Solving Puzzle of Limit of Integral: $\frac{2e^{-i\alpha x}}{1+\alpha^2}$?

In summary, the author was trying to solve an equation involving an eigenvalue and an eigenfunction, but got stuck on the first step. They eventually found the solution by using an identity operator and projecting into position space. They were then able to solve the second integral by using residues.
  • #1
TOKAMAK
45
0
This isn't really homework for a class, but i figured this would be the most appropriate place for this question:
What would this quantity be?
[tex] \lim_{t \rightarrow \infty} e^{-i \alpha |x - t|} \cdot (|x -t| - 1) - \lim_{t \rightarrow - \infty} e^{-i \alpha |x - t|} \cdot (|x -t| - 1) = ? [/tex]

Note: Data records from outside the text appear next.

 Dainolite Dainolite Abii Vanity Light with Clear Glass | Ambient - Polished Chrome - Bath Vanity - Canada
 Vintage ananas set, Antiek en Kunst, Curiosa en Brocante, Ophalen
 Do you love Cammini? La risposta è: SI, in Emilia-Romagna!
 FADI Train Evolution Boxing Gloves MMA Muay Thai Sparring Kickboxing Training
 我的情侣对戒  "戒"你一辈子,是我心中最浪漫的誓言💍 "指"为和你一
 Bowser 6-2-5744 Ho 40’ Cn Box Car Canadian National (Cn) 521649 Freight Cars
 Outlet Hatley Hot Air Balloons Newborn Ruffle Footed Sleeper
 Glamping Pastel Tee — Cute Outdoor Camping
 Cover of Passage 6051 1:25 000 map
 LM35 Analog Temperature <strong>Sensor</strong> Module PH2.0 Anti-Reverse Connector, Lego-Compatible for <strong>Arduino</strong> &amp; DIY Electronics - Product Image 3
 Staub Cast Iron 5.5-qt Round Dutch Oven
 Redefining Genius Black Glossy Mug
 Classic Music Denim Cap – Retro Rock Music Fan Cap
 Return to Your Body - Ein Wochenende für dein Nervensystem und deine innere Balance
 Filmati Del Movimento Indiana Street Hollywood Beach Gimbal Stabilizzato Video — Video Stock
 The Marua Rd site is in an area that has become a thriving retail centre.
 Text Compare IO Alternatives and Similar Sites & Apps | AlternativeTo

It looks to me like it is just zero, but I was hoping it would be:
[tex] \frac{2e^{-i \alpha x}}{1 + \alpha^2} [/tex]

where [tex] \alpha [/tex] is a real number, since this was the last step in proving that
[tex] f(t) = e^{-i \alpha t} [/tex]

is an eigenfunction of the kernel:
[tex] K(x,t) = e^{-i \alpha |x - t|} [/tex]

with an eigenvalue:
[tex] \lambda = \frac{2}{1 + \alpha^2} [/tex]

Perhaps I solved my integral wrong or made a mistake somewhere.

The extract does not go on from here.